The below news release came out back in May of 2002. Has anyone heard anything new on the production? I can't find anything on the net. Last I heard (July 2002) Michael Mann was not going to use anyone from the original cast.
Posted: Wed., May 8, 2002, 10:00pm PT
Dish: Mann over 'Miami'U, helmer adapt TV classic for bigscreen
By MICHAEL FLEMING
Joining the recent spate of classic TV series-turned-features, Universal Pictures and Michael Mann will give bigscreen treatment to the seminal '80s cop series "Miami Vice."
Film will be creatively steered by the man who gave the series a look and style that made it a cultural touchstone of the decade. Mann, who exec produced the series before moving on to become helmer of films including "The Insider," "Heat" and "Ali," will write the film script and produce with Forward Pass partner Sandy Climan. Series creator Anthony Yerkovich will exec produce. Once he completes the script, the CAA-repped Mann will decide whether to direct. It would become one of several next projects he's zeroing in on, with other contenders including an Eric Roth-scripted Western, a sci-fi project, an espionage thriller and a David Self-scripted adaptation of the Spartan epic "Gates of Fire."
Like another series-to-movie transformation, "Hawaii Five-O," "Miami Vice" need only retain a geographical location and theme song, but is not dependent on replicating iconic characters in the same way Paramount's "Honeymooners" remake is. Mann and U can exploit a branded title that portends a big opening weekend, even while making a film that is not meant as a trip down memory lane. Mann's goal is not to prompt baby boomers to dust off their pastel suits, go sockless or replicate fashion trends set by the show. Rather, he will look to create a contemporary crime detective story set in Miami. The series, which was a core part of a Brandon Tartikoff-led resurgence of NBC, revolved around detectives Sonny Crockett (Don Johnson) and Ricardo Tubbs (Philip Michael Thomas). They were dashing but troubled undercover vice cops who wore designer duds, drove the coolest cars and boats, romanced gorgeous women as they collared drug dealers.
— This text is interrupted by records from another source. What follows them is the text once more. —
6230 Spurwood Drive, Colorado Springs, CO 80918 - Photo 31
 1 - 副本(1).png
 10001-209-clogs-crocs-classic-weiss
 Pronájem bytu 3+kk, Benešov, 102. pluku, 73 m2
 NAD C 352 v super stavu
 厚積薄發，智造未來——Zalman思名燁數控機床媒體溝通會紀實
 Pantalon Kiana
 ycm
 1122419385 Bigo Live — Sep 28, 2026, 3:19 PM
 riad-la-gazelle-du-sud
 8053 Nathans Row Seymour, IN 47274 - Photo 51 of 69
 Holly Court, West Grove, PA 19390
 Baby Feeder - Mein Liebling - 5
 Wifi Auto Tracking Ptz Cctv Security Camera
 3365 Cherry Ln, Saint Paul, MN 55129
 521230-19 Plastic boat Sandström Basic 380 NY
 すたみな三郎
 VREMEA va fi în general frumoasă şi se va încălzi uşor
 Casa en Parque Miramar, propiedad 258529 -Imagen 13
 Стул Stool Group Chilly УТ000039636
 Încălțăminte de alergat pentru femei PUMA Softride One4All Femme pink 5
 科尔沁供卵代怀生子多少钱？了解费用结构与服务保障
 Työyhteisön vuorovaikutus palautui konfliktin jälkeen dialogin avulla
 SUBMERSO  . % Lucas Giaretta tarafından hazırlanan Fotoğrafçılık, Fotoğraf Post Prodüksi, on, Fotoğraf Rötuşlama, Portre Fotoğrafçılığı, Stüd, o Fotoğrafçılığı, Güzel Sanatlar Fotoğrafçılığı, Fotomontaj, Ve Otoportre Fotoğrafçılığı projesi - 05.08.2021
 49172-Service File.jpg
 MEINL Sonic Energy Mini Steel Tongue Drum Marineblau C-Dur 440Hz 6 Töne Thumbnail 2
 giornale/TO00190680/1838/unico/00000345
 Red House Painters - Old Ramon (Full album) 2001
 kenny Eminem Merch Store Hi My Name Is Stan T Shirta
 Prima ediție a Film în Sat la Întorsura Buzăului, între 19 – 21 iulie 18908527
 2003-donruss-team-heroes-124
Defined by movie-quality cinematography and a Jan Hammer-created synthesizer background, "Vice" proved a hatching ground for talent like Bruce Willis, Chris Rock, Liam Neeson and Dennis Farina, the latter of whom went on to topline Mann's series "Crime Story." Mann and Climan just supervised the pilot of an untitled series for CBS revolving around the robbery/homicide division of the LAPD, toplined by Mann's "Heat" star Tom Sizemore.